● **The input**:

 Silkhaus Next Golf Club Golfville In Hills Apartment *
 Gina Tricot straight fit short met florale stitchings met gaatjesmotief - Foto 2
...
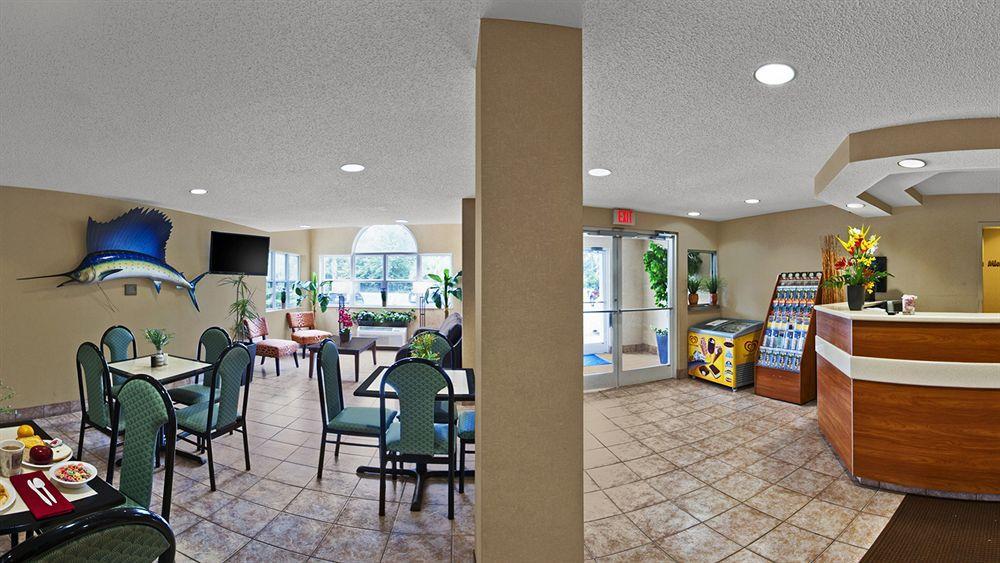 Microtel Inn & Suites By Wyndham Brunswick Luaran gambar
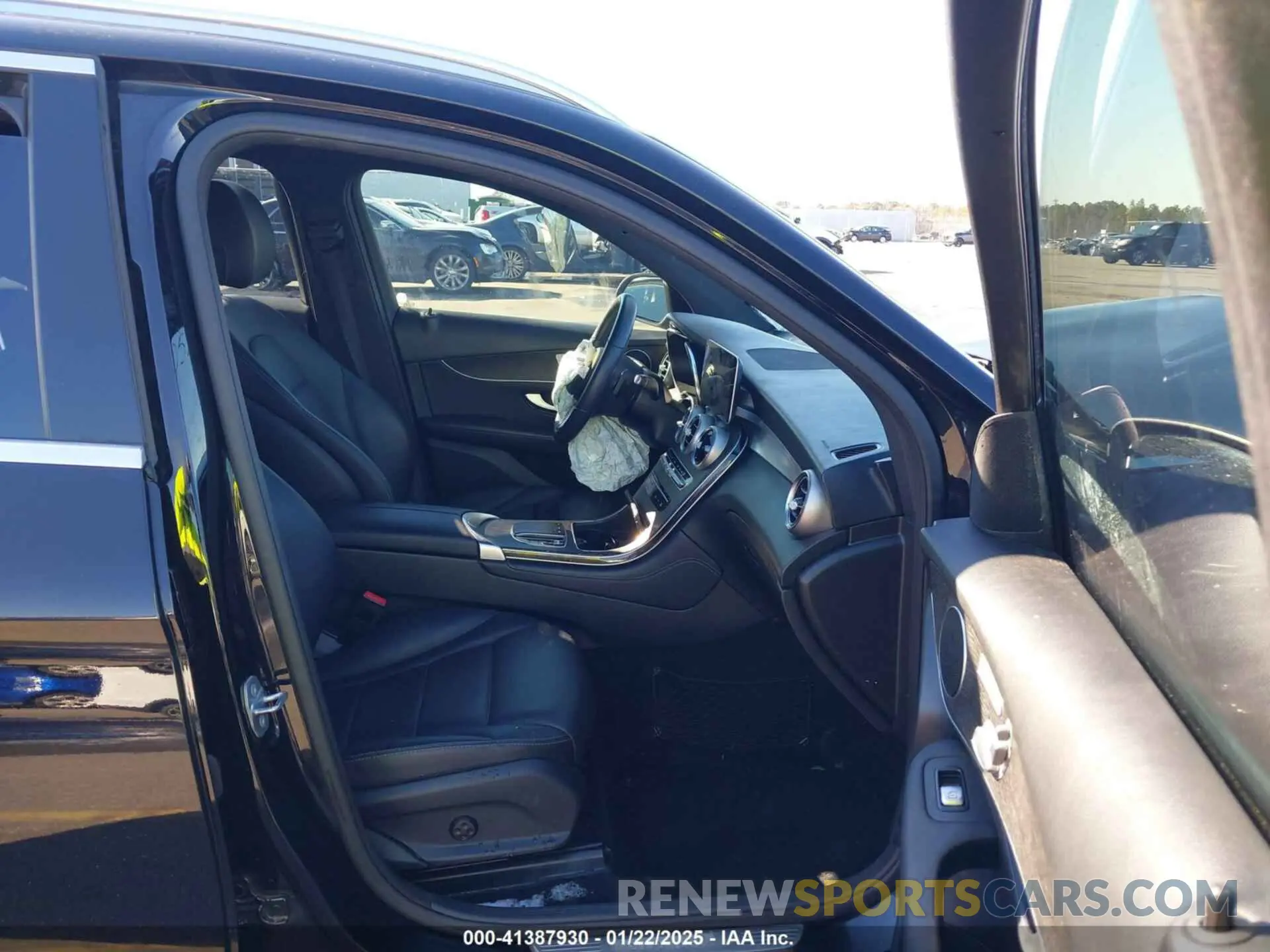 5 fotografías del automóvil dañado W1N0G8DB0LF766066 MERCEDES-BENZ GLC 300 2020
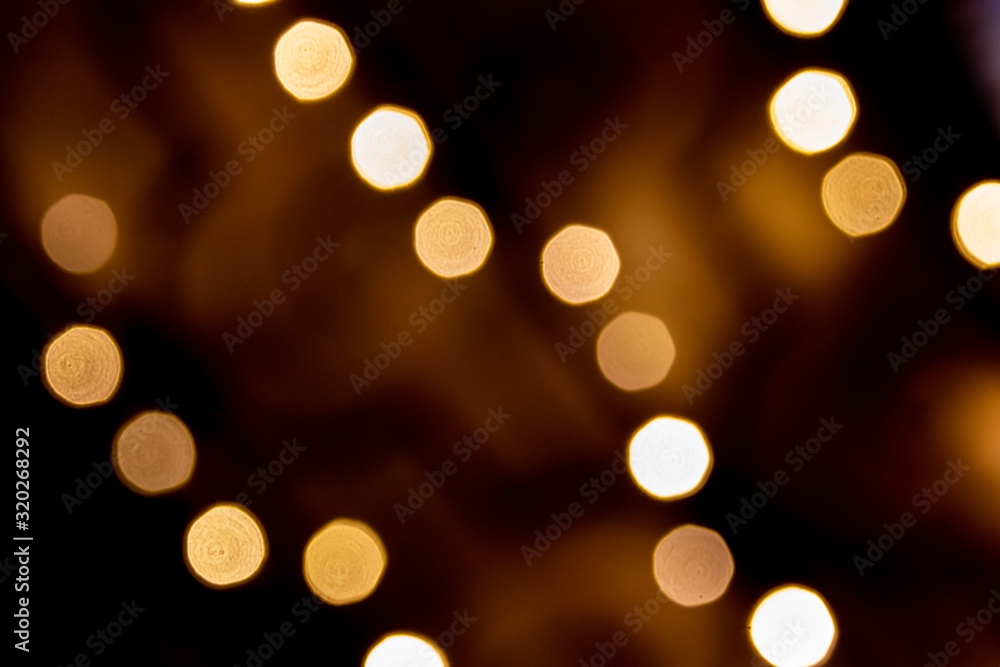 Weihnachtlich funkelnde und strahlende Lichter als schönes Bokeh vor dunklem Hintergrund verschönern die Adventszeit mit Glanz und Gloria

● **Work task**:
Above are the records. Copy only the lines from the one with "5 fotografías del" through the one with "Weihnachtlich funkelnde und", exactly, with no pictures.

● **Solution below**:
 5 fotografías del automóvil dañado W1N0G8DB0LF766066 MERCEDES-BENZ GLC 300 2020
 Weihnachtlich funkelnde und strahlende Lichter als schönes Bokeh vor dunklem Hintergrund verschönern die Adventszeit mit Glanz und Gloria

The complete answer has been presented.